What Is New York’s Law Regarding Comparative Negligence?

Across the U.S., there are multiple ways states view negligence and how it affects personal injury cases.

  • Contributory negligence. Only a handful of states use this. It says that if the plaintiff were even somewhat responsible for the accident that caused the injury, they don’t have the right to pursue damages.
  • Modified comparative negligence. States that use this require the plaintiff to be less than 50% or 51% responsible (depending on the state) for the accident in order to be eligible for damages. However, the damages they receive will be reduced by the percentage they’re deemed at fault. So if the speeding truck driver hits a car and causes the driver to suffer a brain injury, but the car’s driver ran a red light, the injured person might be found 40% at fault and have their damages reduced by that amount.
  • Pure comparative negligence. The injured person’s recovery is reduced by the percentage of fault assigned to them by the jury. So, for example, a jury can determine that the plaintiff is 99% responsible for the accident, so they will only receive 1% of the damages awarded.

New York is a pure comparative negligence state. It is important that the plaintiff work with an experienced attorney to make sure that the defendant is held accountable for the pain and suffering that their negligence has inflicted upon the injured person. The defendant’s insurance representative or lawyer is going to work hard to persuade a jury to push as much fault for the accident onto the plaintiff as possible in order to reduce their payout.

Is it Possible to Receive Damages Without Going to Trial?

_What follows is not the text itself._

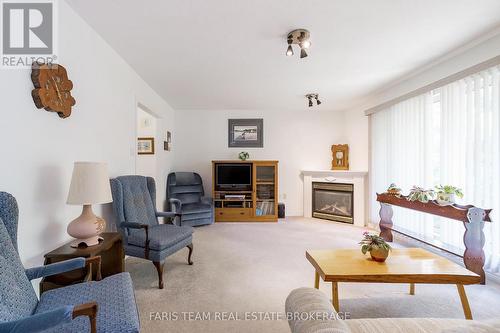 21 Forest Hill Drive, Springwater, ON - Indoor Photo Showing Living Room With Fireplace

It’s not only possible but likely. The vast majority of personal injury cases are settled prior to the start of trial. Some cases can even be settled without commencing a lawsuit, which can benefit both the plaintiff and the defendant. Lawsuits can take a long time to resolve depending upon the particular county.

Attempting to negotiate the settlement of a personal injury claim without having a lawyer on your side is very risky. Insurance representatives are trained in negotiating. Many of them have worked in the industry for years and know how to pressure an unrepresented person into resolving their claim for less than it is actually worth. It is very important to the success of your injury claim that you work with an experienced personal injury attorney. These negotiations can be complex. The defendant’s insurance representative or lawyer is not going to be on your side. They work on behalf of the defendant–not the plaintiff.

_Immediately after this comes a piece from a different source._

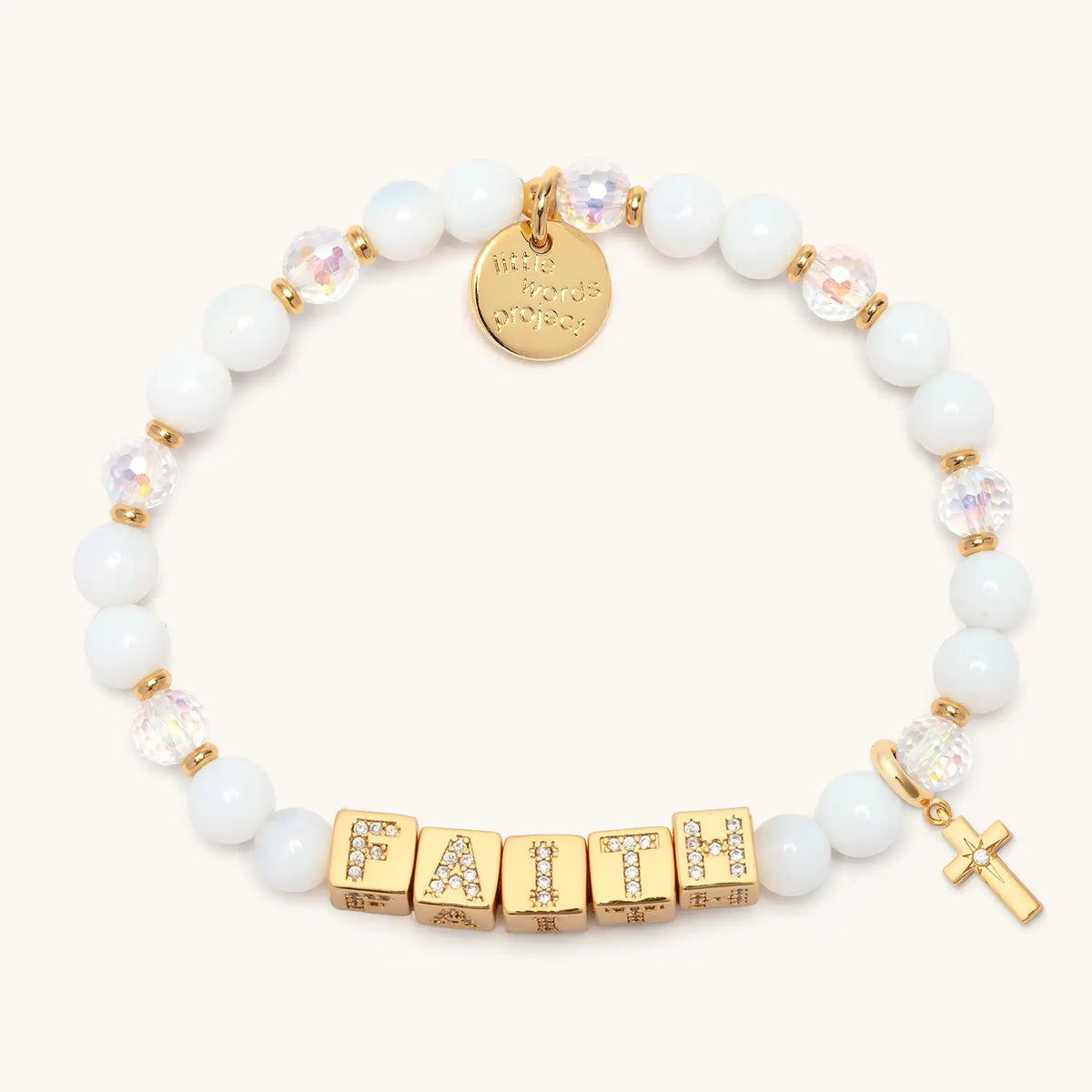 BOLDER Faith Bracelet in the Icicle Energy bead pattern with gold CZ letter blocks, gold puffy cross charm with a clear CZ stone, flat-lay on cream background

What Should I Do if I Might Have Suffered a Brain Accident from an Accident in New York?

If you suspect you or a loved one one has suffered a brain injury, the first thing you should do is see a doctor immediately. Do not just assume that everything will be fine if you just rest. Even if you don’t feel all that bad, brain injuries are serious. Left untreated, they can worsen and become dangerous, even life-threatening.

Then call Greenspan & Greenspan Injury Lawyers at 914-946-2500 for a free initial consultation with one of our White Plains, NY, personal injury attorneys. Our experienced, knowledgeable attorneys can walk through the specifics of your case with you and determine what might be the best approach to claiming damages or filing a lawsuit.

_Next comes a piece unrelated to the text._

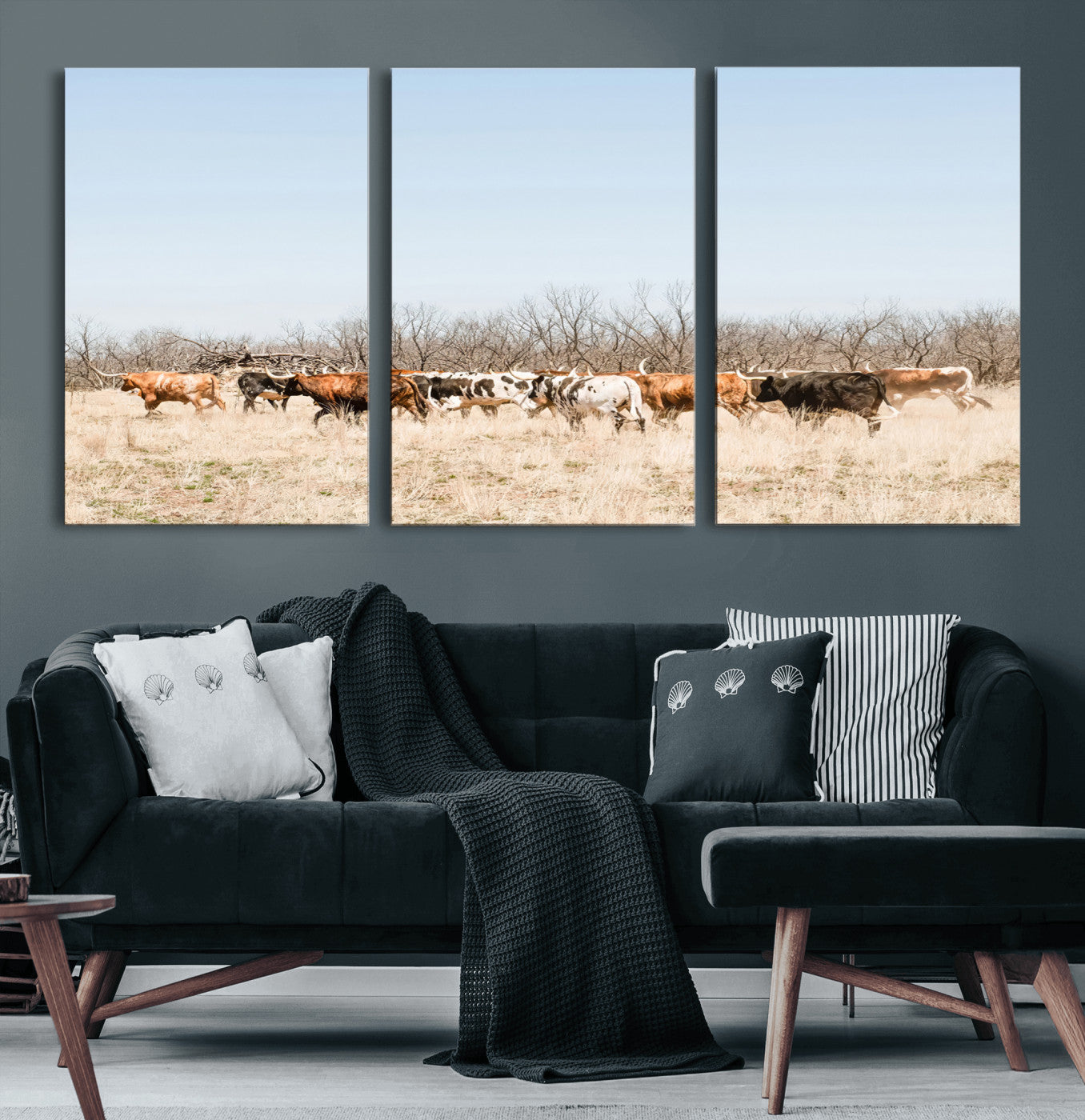 Framed wall art of Texas longhorn cattle walking through a dry, neutral-toned prairie, perfect for rustic farmhouse or western-themed home decor.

It is also essential that you do not have any conversations with any investigator or insurance representative of the driver or owner of the vehicle responsible for the collision until you have received legal advice. You may be contacted by an insurance representative or investigator who claims that they want to obtain your side of the story. Some insurance representatives try to contact you in an attempt to persuade you to accept fault for the accident or sign a document where you agree to accept a much lower settlement agreement than you might otherwise receive. Don’t let this happen to you! Refer all communications to your attorney.